Provided data
________________
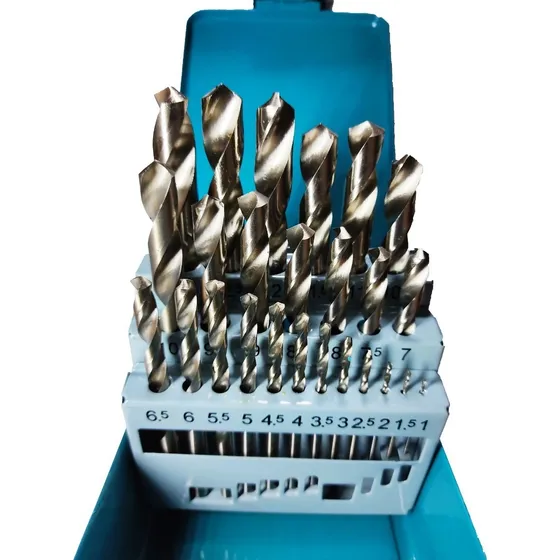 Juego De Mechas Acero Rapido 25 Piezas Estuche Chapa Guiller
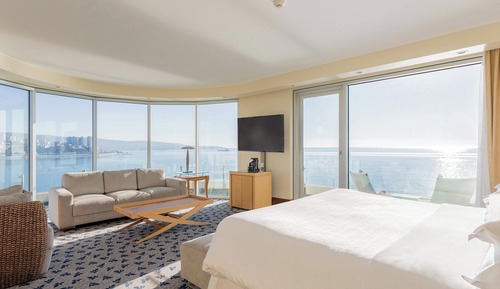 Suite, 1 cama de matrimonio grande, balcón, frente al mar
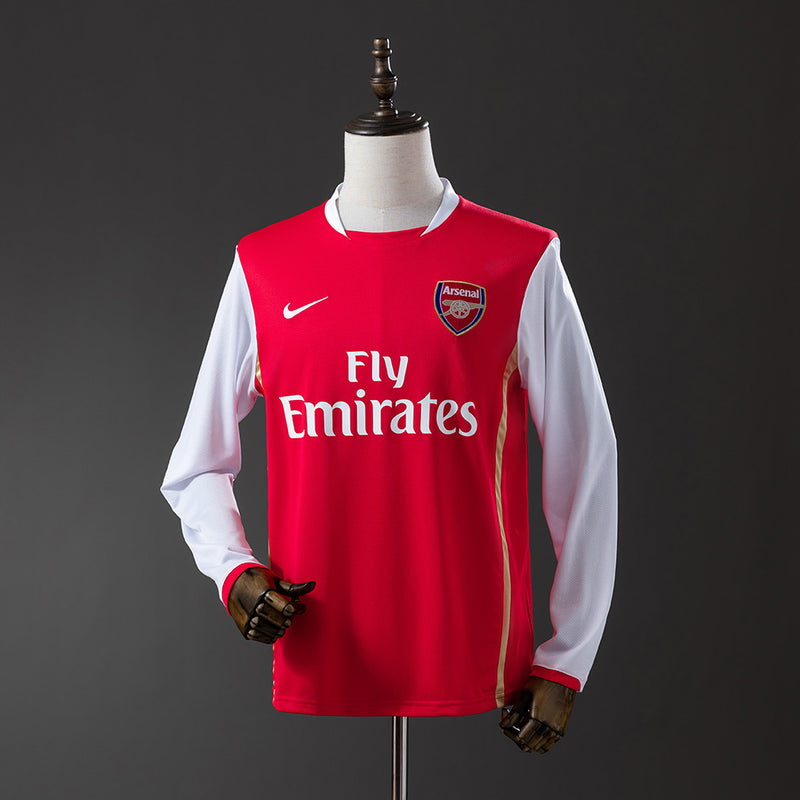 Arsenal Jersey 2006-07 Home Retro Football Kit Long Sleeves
________________
About this task
Leave out the pictures, then return every line of the data exactly.

Your response
 Juego De Mechas Acero Rapido 25 Piezas Estuche Chapa Guiller
 Suite, 1 cama de matrimonio grande, balcón, frente al mar
 Arsenal Jersey 2006-07 Home Retro Football Kit Long Sleeves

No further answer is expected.